Dans l’étincelante lumière de Corse, devant lui, légèrement sur la droite, les maisons blanches de Bastia, les remparts de la citadelle, son église et, sur la mer, la coque noire d’un bateau qui trace un sillage courbe vers les balises clignotantes de l’entrée du port. Plus loin, couchés sur un miroir bleu sombre et découpés sur un ciel d’or, les reliefs de l’île d’Elbe avec, de chaque côté, les petites îles de Capraia et de Pianosa.

« – Bastia de Fanion 18, pour sortie de circuit et prise de cap ..?
– Autorisé Fanion 18, bonne route.
– Fanion 18 ! »
Un virage sur la gauche au cap 310 pour quitter le circuit de Borgo.

Devant lui, le col de Teghime, entre le cap Corse et les Agriates. Il frôle le col à une centaine de mètres et les serveurs d’une pièce d’artillerie, pointée vers une route qui serpente, lui font des signes amicaux auxquels il répond d’un battement d’ailes.

Déjà, à sa gauche St Florent et son golfe. À droite, des groupes de maisons isolées sèment de petits chapelets blancs dans le maquis marbré de verts du Cap Corse qui va se fondre dans la mer. Jaillie d’un écrin de verdure, l’église de Patrimonio hisse son clocher vers le ciel. Son imperceptible déplacement, sous le glissement régulier de ses ailes, donne au pilote la notion de son mouvement.

À 400 kts, le P38 atteint sa vitesse de croisière, la côte Corse glisse en s'éloignant sous l'aile gauche et il aperçoit la pointe de l'île Rousse avec la bâtisse blanche de son phare. Beaucoup plus loin, une petite couronne de nuages encercle la coiffe de neige du Monte Cinto, illuminée par la lumière du matin.

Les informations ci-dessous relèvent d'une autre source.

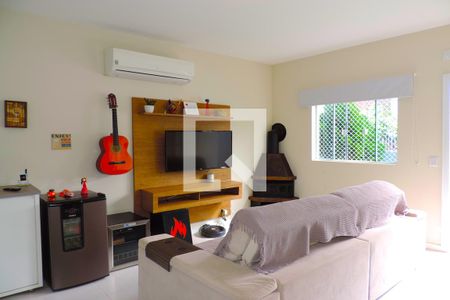 Sala de casa para alugar com 2 quartos, 88m² em Campeche, Florianópolis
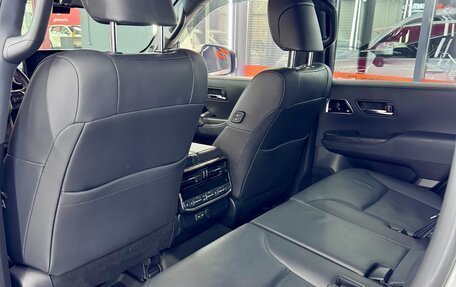 Toyota Land Cruiser, 2021 год, 10 670 000 рублей, 29 фотография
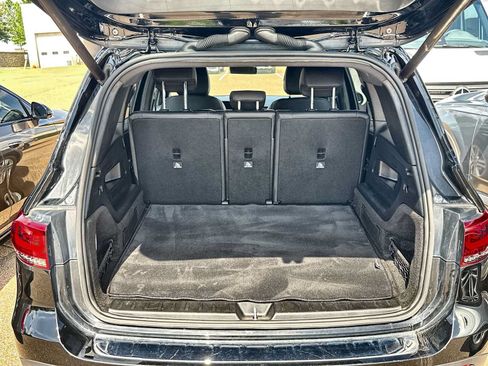 Used 2023 Mercedes-Benz GLB 250 w/ Premium Package image 17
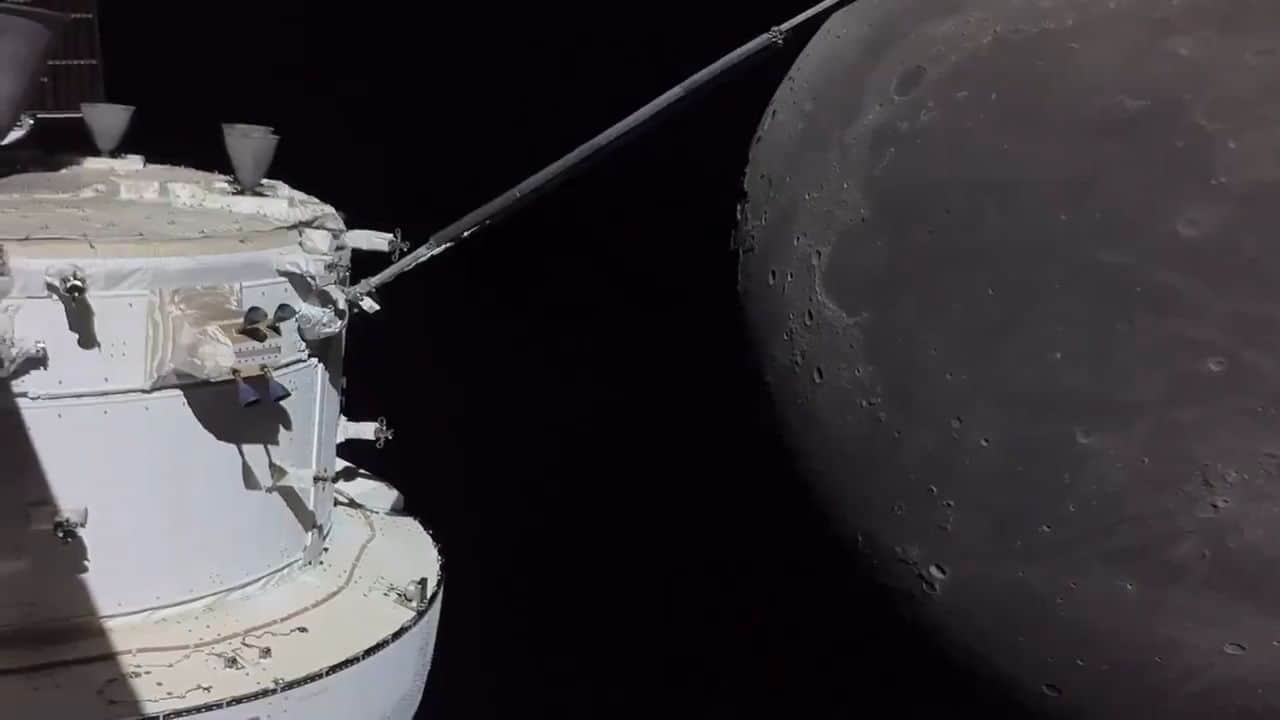 artemis 2 moon flyby video close view lunar surface nasa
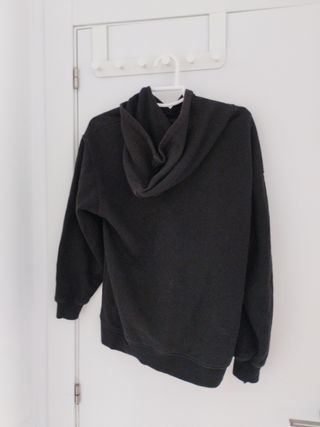 Sudadera con capucha negra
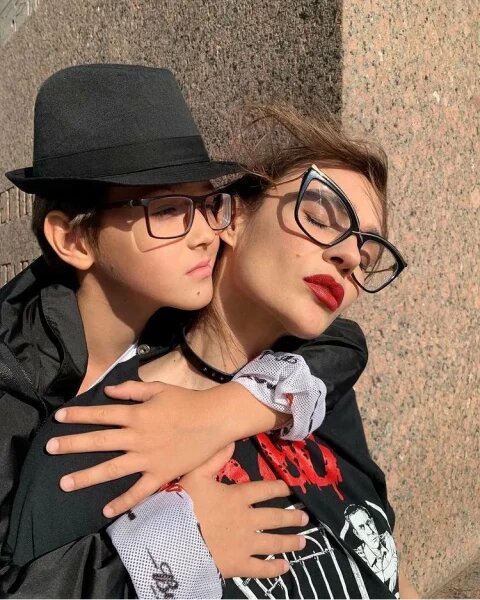    Алена Водонаева с сыном, фото: соцсети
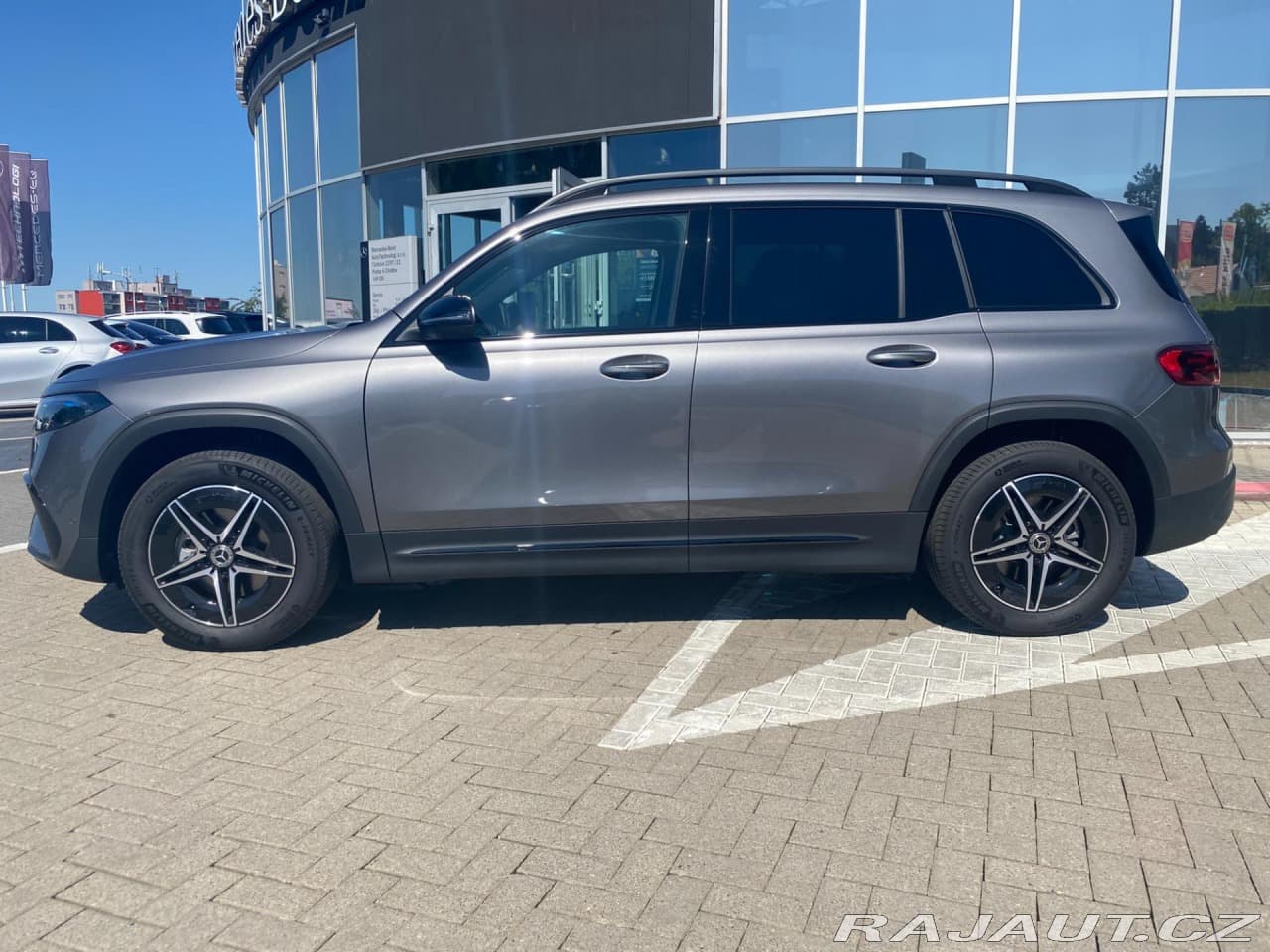 2025 Mercedes-Benz Eqb - 5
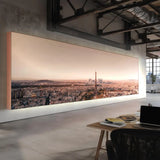 Extra breite Integra Lichtwand mit integrierter Akustikfunktion mit Panorama-Stadtmotiv in einem modernen Büro. Kombination aus großflächiger visueller Gestaltung und akustischer Optimierung für offene Arbeitsumgebungen.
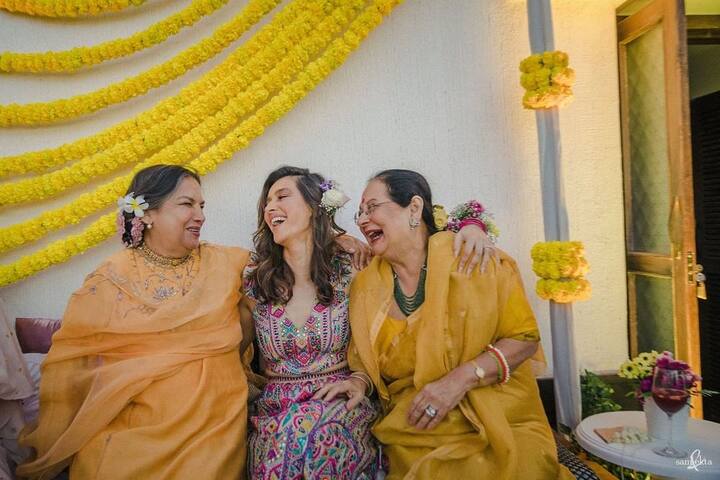 Shibani giggling with mother-in-law, Shabana Azmi and Honey Irani. Looks like she enjoyed the function to the fullest. (Image Source: Instagram/shibanidandekar)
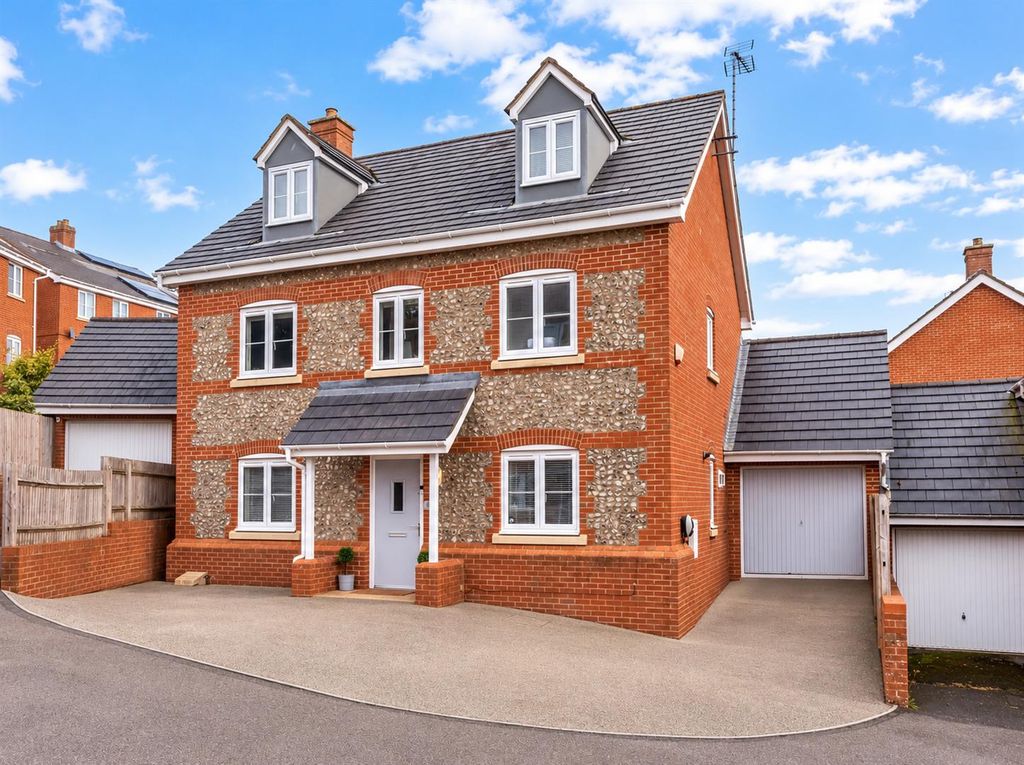 Property photo 1 of 25 29c29748-6d00-446c-Be24-B4d20215735F.Png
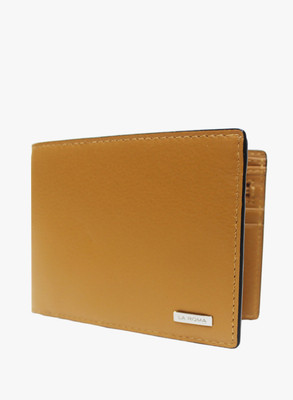 La Roma Men Tan Genuine Leather Wallet(4 Card Slots)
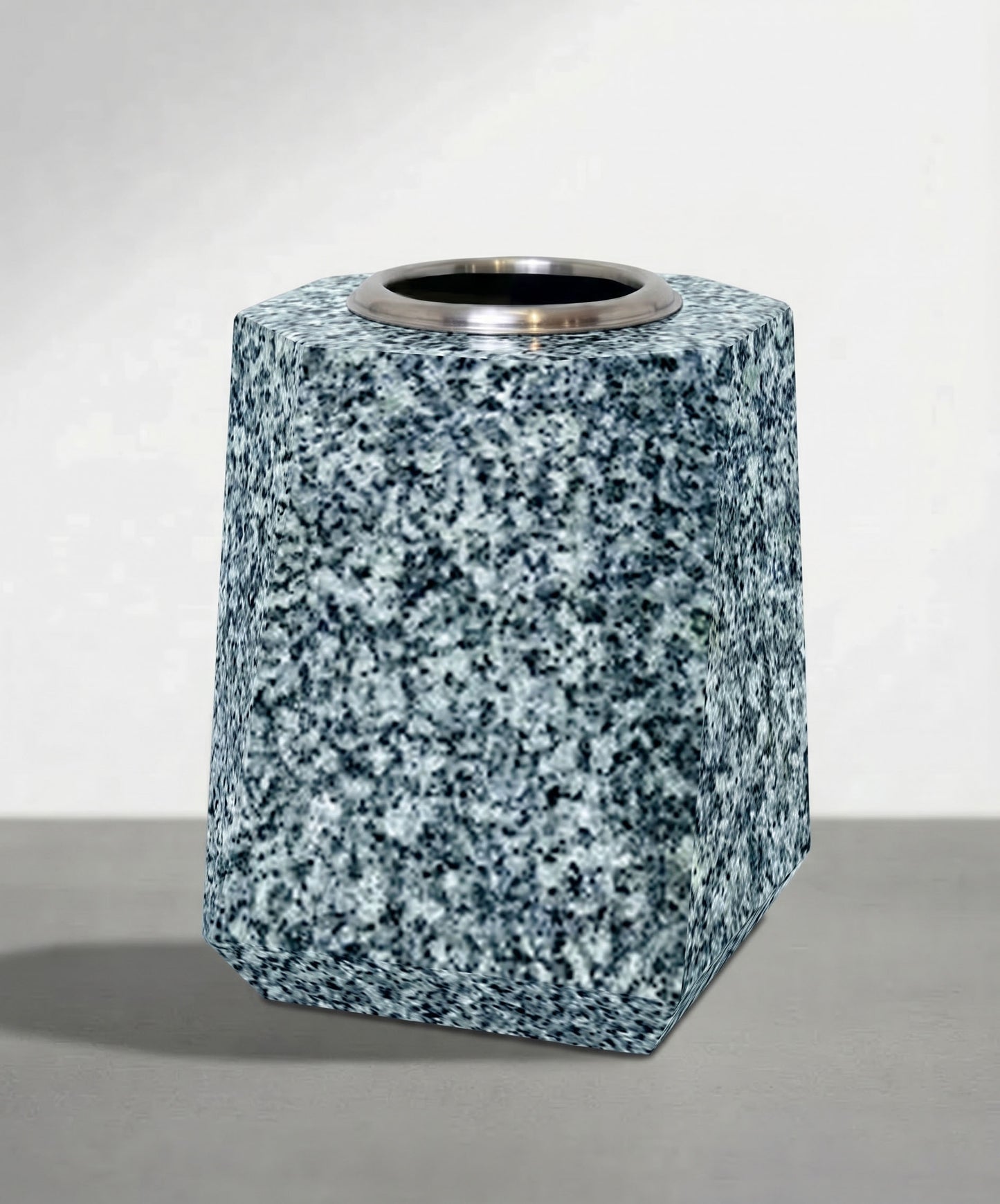 Jarrón de granito con elegantes acabados en chaflán para cementerio. Disponible en tres alturas: 22 cm, 27 cm y 31 cm. Alta resistencia exterior. ¡Elige el tuyo…!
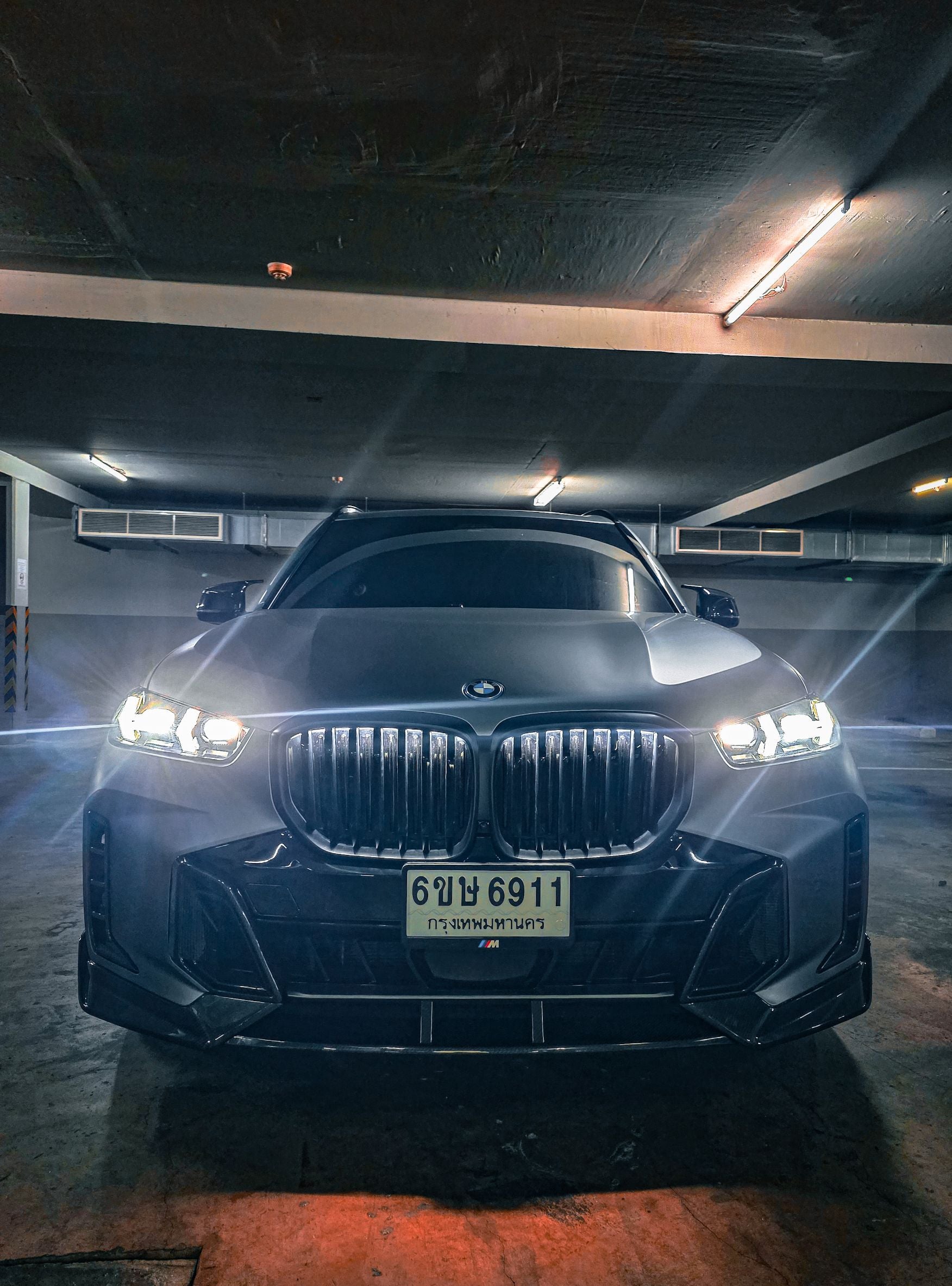 BMW X5 M60i s/x Drive 40i xDrive 50e G05 LCI 2024-ON with Aftermarket Parts - MP Style Front Bumper Side Vent Valences Trim?Carbon Fiber from Aero Republic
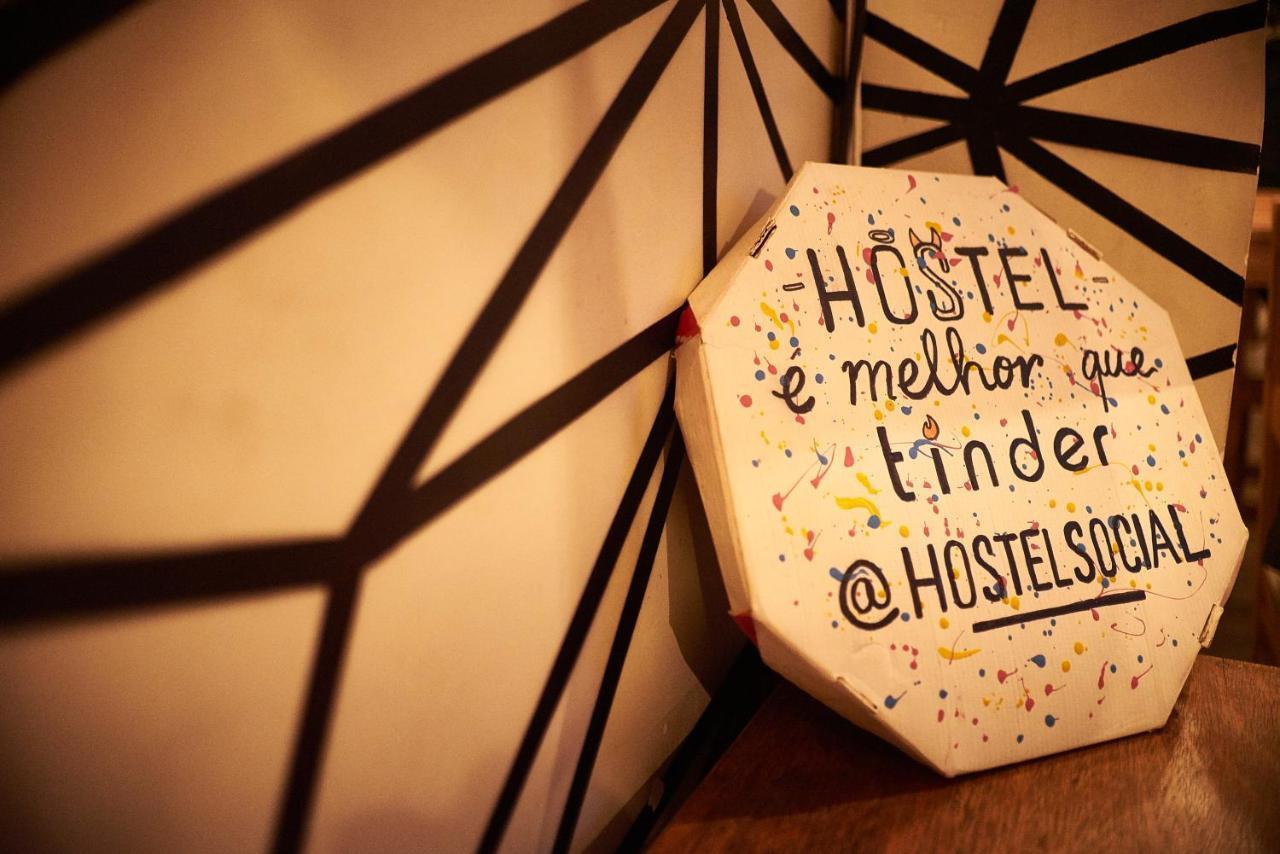 Social Hostel Cafe E Bar Куритиба Екстериор снимка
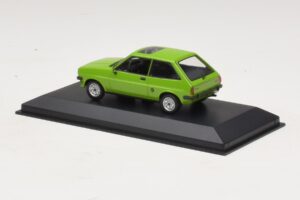 Ford Fiesta Mk1 Ljusgrön Maxichamps 1:43 940085100 Metall — bild 3 av 4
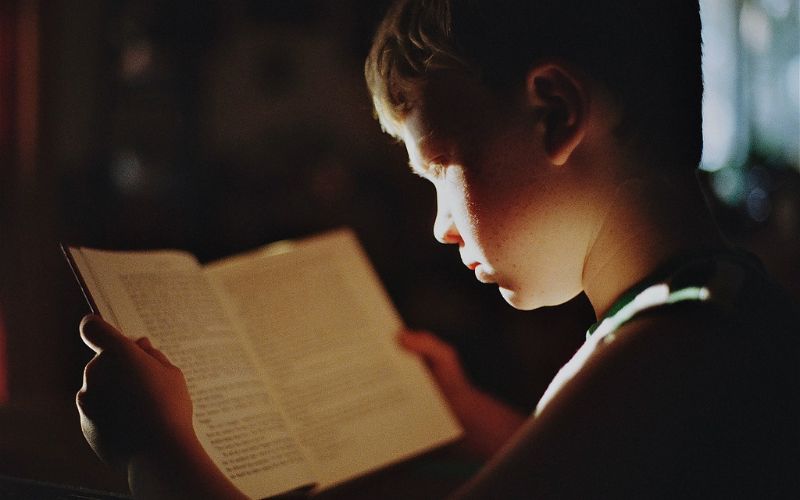 lettura ragazzo
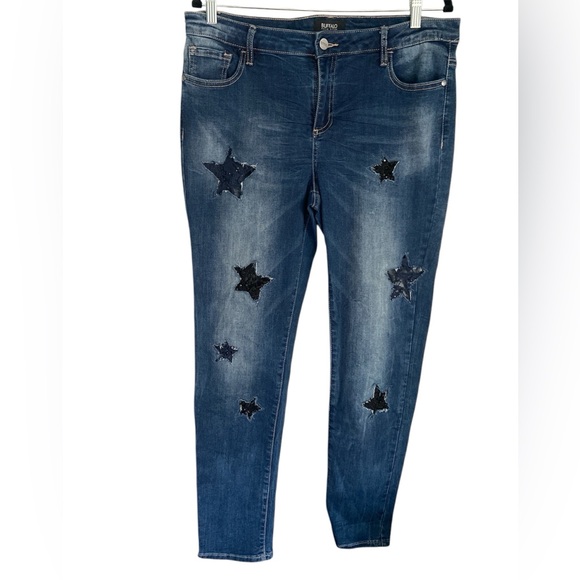 NWOT Buffalo Cut out Star-Embellished Mid-rise Skinny Stretch Jeans Size 33 - Picture 1 of 4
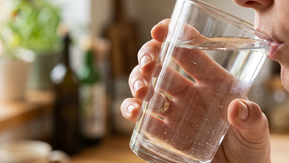 Günde 2 litre su içme kuralı çürüdü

Saint Exupéry pense au berger qui lève la tête, dérangé par le grondement régulier des moteurs, un bol de café fumant dans la main et son petit couteau à la main pour trancher le pain chaud du matin. Que de fierté dans le regard de celui qui suit le point brillant de son avion. Il a appris à aimer ce peuple rude qui a toujours su chérir, chanter et défendre sa terre sacrée.

Quelques minutes de vol, et voilà, à ses neuf heures, les murs de la citadelle de Calvi. Le soleil étant, à cette heure-ci à l’Est, derrière à sa droite, il éclaire magnifiquement bien cette dernière vision de la Corse.

Un coup d'œil sur sa carte de vol. Un trait gras noir indique la route à suivre, avec, de chaque côté, des cercles jaunes, oranges et rouges : les zones des portées radars, d’activité des chasseurs ennemis et des défenses anti-aériennes, autant de menaces à éviter. En fin de trait, trois flèches vertes précisent les "points photo" de la mission de reconnaissance. Une légère correction de cap et, au loin, sur l'avant droit, encore confondus dans les brumes du matin, les premiers sommets des côtes de France.

Au briefing, ce matin, le « météo » a été formel : « Clair sur toute la nav ». Antoine de Saint Exupéry, tout en surveillant ses cadrans, choisit déjà les mots pour nous offrir, dans ses livres, des images inoubliables…

Mais là-haut, à 3 000 pieds au-dessus, invisible dans la pâleur du ciel d'été, un Messerschmitt 109 rôde...!!!!